Monday, May 10, 2010

S&P 500, US Dollar, Euro Update



The EU, ECB, IMF announcement of massive intervention, upwards of $1 trillion, to rescue and stabilize Greece, weaker EU countries, the EU financial system, and the Euro currency resulted in a positive response worldwide, but cautious, in general.  Equities rallied worldwide, but the Euro did not spike upwards in strength as might have been predicted.  However, this is only Day 1 of the post-EU Crisis, presumably.  I am overall optimistic about the EU, USA, and Global economies.  The EU obviously got themselves in quite a mess, which will take several years to straighten out, but I believe they have it's probable they will succeed.
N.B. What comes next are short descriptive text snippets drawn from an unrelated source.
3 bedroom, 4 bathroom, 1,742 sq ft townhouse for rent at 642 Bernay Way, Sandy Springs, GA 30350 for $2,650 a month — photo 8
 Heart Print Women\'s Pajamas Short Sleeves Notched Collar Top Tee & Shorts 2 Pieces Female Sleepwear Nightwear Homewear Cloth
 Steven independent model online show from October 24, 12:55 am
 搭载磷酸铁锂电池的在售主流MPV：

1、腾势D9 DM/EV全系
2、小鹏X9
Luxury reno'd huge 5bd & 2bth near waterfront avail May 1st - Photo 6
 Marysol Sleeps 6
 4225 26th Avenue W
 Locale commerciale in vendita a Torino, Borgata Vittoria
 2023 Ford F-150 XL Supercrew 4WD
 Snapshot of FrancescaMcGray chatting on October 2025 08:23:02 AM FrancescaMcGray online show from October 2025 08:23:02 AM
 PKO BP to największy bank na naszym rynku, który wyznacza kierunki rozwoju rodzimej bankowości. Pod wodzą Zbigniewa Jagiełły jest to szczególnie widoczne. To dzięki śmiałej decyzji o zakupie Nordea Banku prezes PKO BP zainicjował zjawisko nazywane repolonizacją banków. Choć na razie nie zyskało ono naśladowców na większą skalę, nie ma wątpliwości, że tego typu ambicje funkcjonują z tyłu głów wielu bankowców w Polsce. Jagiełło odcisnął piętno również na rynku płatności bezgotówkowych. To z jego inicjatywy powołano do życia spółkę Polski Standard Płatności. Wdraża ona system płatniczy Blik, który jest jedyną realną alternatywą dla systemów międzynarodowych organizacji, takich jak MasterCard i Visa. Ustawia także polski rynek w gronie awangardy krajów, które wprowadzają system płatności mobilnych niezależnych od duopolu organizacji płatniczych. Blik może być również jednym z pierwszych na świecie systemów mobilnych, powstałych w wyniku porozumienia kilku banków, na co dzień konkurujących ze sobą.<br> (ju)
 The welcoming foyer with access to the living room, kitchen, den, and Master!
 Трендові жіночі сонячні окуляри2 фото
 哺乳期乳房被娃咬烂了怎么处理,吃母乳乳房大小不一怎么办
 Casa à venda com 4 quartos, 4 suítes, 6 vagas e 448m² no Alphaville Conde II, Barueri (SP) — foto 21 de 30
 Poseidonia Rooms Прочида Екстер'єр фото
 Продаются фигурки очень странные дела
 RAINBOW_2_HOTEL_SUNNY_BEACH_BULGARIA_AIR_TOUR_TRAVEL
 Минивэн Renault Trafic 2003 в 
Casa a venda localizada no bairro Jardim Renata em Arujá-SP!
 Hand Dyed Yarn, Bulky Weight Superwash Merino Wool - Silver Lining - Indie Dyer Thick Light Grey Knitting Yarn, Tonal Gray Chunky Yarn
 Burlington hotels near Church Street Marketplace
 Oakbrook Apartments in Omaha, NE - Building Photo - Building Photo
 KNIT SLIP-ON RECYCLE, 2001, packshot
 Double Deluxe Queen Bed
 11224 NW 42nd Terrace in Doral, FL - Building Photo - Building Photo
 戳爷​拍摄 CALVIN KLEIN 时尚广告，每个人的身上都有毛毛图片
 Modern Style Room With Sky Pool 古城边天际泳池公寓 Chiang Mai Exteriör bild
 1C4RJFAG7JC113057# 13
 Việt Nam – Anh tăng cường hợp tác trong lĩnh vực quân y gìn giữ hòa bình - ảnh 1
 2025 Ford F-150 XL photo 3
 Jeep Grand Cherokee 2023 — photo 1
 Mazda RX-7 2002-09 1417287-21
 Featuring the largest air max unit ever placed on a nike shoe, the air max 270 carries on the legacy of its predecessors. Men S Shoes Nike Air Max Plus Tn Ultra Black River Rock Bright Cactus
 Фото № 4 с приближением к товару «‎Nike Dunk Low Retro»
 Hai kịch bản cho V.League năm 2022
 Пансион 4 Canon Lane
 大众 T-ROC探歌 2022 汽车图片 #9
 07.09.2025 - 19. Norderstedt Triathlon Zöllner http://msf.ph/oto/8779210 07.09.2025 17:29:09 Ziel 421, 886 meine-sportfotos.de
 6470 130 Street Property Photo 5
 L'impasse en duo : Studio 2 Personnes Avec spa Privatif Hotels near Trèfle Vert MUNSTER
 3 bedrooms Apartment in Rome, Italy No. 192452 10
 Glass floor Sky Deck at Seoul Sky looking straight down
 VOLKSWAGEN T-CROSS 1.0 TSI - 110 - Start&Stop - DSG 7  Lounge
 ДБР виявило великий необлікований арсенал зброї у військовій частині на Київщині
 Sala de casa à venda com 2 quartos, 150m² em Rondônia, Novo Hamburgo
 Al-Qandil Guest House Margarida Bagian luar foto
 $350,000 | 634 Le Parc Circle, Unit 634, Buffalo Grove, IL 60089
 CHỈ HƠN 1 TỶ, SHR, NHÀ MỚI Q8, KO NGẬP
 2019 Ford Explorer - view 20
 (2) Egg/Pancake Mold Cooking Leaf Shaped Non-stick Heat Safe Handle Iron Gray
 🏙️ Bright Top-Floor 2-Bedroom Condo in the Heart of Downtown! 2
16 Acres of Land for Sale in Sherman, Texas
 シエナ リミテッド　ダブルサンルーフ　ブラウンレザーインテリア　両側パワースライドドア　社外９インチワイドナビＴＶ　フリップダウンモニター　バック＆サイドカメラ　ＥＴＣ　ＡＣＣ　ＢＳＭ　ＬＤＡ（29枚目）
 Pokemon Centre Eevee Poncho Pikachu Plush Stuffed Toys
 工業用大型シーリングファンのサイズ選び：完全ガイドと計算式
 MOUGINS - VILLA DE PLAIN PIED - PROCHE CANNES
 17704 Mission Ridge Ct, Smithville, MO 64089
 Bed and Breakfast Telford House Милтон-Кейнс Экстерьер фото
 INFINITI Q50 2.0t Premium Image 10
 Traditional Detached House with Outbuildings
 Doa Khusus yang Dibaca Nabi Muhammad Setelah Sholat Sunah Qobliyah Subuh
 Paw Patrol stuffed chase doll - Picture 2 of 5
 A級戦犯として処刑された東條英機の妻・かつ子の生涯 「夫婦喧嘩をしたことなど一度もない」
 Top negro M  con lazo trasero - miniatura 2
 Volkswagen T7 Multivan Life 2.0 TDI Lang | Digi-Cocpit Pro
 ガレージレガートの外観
The EU liquidity crisis has now been resolved but the solvency crisis will only be resolved with time through austerity measures which take political will. So, time will be the test for the EU solvency crisis.  I remain optimistic because the EU members in question have no other choice now but to cut fiscal budgets.

S&P 500

The S&P 500, SPX, closed at 1159.73 today.  This price has regained and held the key 1150 benchmark price on today's relief rally & short squeeze resulting from the nearly $1 trillion EU, ECB, IMF rescue of Greece, weaker EU countries, the EU financial system, and the Euro currency.

The 1150 benchmark price was previous key support, which was easily broken through on Flash Crash Thursday, May 6. This price was also resistance in mid March and even earlier in mid January. If the SPX can hold this regaining of 1150, this would be bullish.

Below is the SPX daily chart for 2010.  The yellow horizontal line is the benchmark 1150 price. The intermediate term and long term signals remain bullish for the SPX.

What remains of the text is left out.